• Task to complete
All of the data must be output exactly, with every picture left out.

• Dataset extract
==================================================
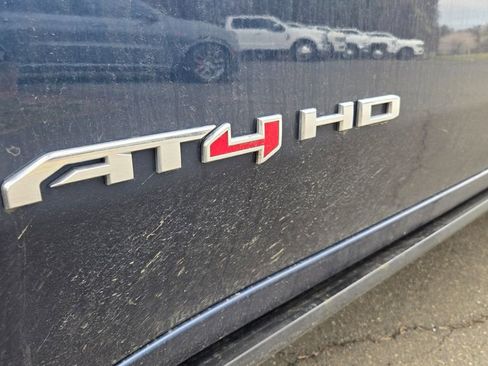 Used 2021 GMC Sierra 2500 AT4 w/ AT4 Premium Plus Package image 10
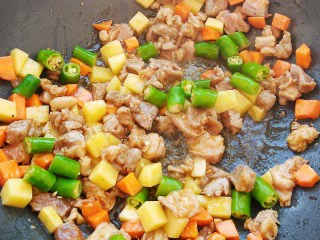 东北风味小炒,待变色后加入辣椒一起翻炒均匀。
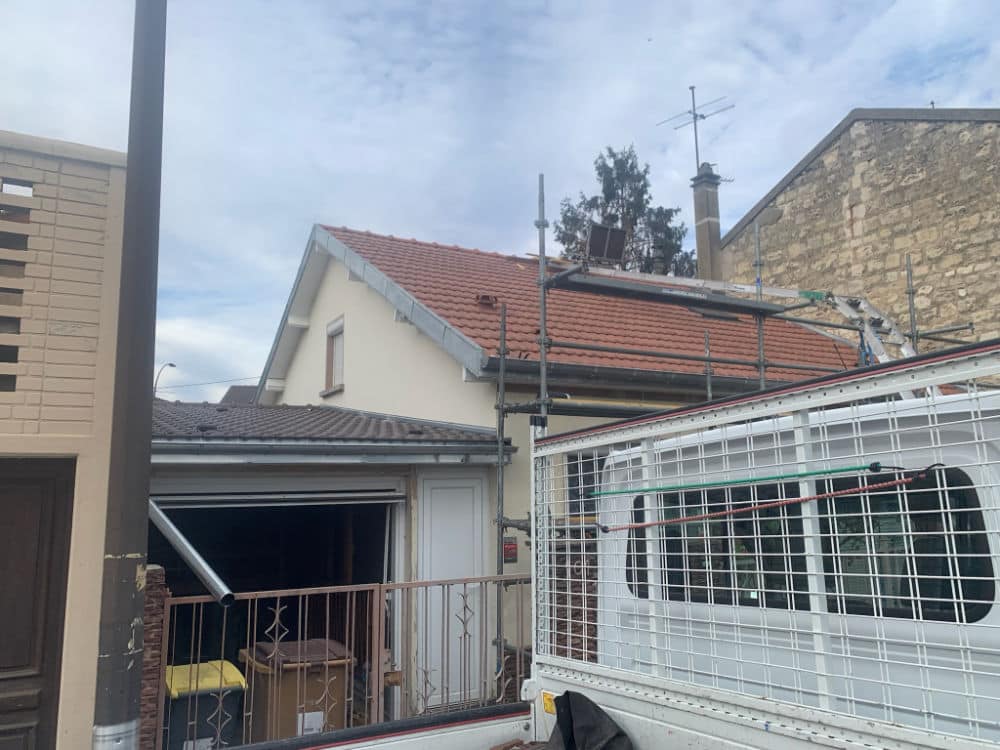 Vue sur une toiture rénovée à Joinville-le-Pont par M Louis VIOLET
==================================================
• Answer box
 Used 2021 GMC Sierra 2500 AT4 w/ AT4 Premium Plus Package image 10
 东北风味小炒,待变色后加入辣椒一起翻炒均匀。
 Vue sur une toiture rénovée à Joinville-le-Pont par M Louis VIOLET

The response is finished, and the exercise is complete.